To use this model notice, the provider or facility must fill in the blanks with the appropriate information. HHS considers use of the model notice to be good faith compliance with the good faith estimate requirements to inform an individual of their rights to receive such a notice. Use of this model notice is not required and is provided as a means of facilitating compliance with the applicable notice requirements. However, some form of notice, including the provision of certain required information, is necessary to begin the patient-provider dispute resolution process.
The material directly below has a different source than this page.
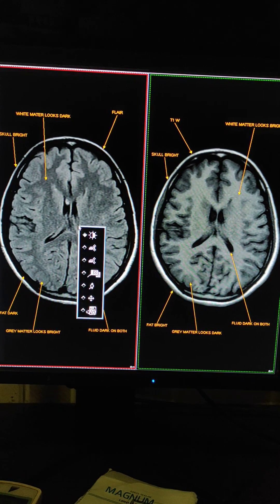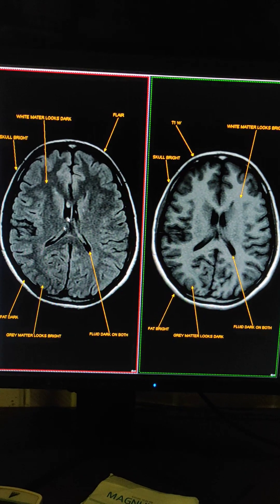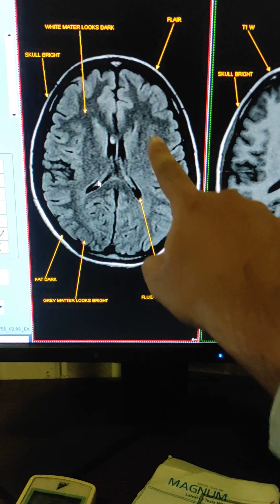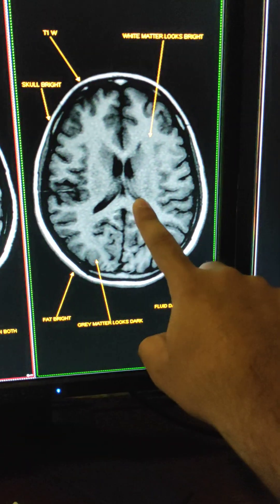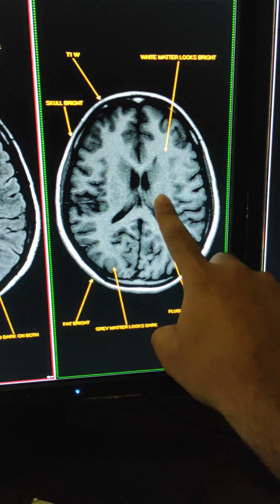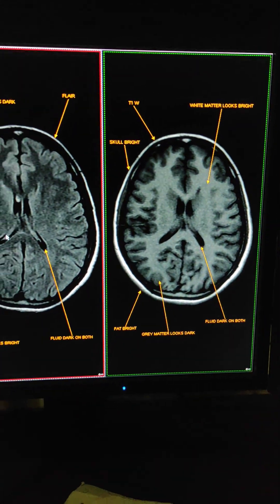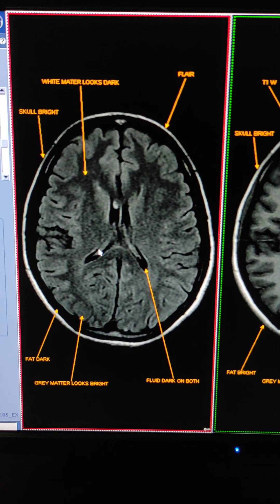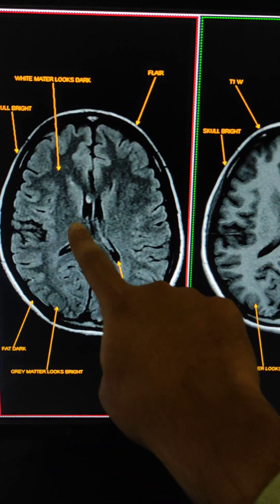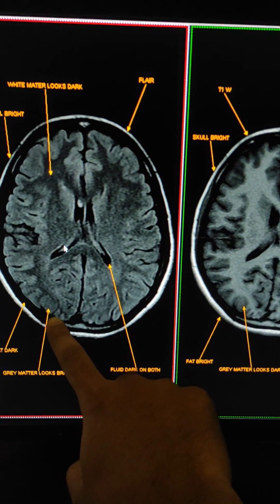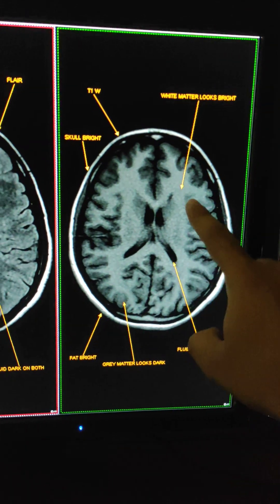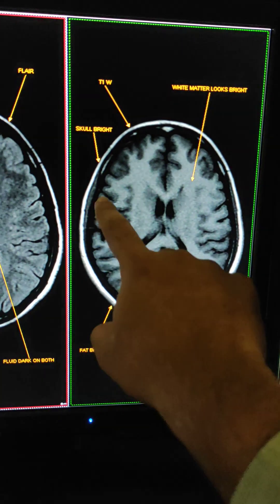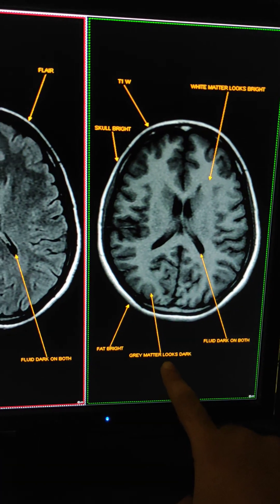Now you have to differentiate between white matter and gray matter. In FLAIR sequence, white matter looks dark, and gray matter looks bright — white matter is dark, gray matter is bright. In T1 weighted sequence, it is the opposite: white matter is bright and gray matter looks dark.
NOTE: The information provided in these instructions is intended only to be a general informal summary of technical legal standards. It is not intended to take the place of the statutes, regulations, or formal policy guidance upon which it is based. Readers should refer to the applicable statutes, regulations, and other interpretive materials for complete and current information. [Link to IFR when available.]
Health care providers and facilities should not include these instructions with the documents given to patients.
Paperwork Reduction Act Statement
According to the Paperwork Reduction Act of 1995, no persons are required to respond to a collection of information unless it displays a valid Office of Management and Budget (OMB) control number. The valid OMB control number for this information collection is 0938-XXXX. The time required to complete this information collection is estimated to average 1.3 hours per response, including the time to review instructions, search existing data resources, gather the data needed, and complete and review the information collection. If you have comments concerning the accuracy of the time estimate(s) or suggestions for improving this form, please write to: CMS, 7500 Security Boulevard, Attn: PRA Reports Clearance Officer, Mail Stop C4-26-05, Baltimore, Maryland 21244-1850.
You have the right to receive a “Good Faith Estimate” explaining how much your medical care will cost Under the law, health care providers need to give patients who don’t have insurance or who are not using insurance an estimate of the bill for medical items and services.
- You have the right to receive a Good Faith Estimate for the total expected cost of any non-emergency items or services. This includes related costs like medical tests, prescription drugs, equipment, and hospital fees.
• Make sure your health care provider gives you a Good Faith Estimate in writing at least 1 business day before your medical service or item. You can also ask your health care provider, and any other provider you choose, for a Good Faith Estimate before you schedule an item or service.
- If you receive a bill that is at least $400 more than your Good Faith Estimate, you can dispute the bill.
• Make sure to save a copy or picture of your Good Faith Estimate.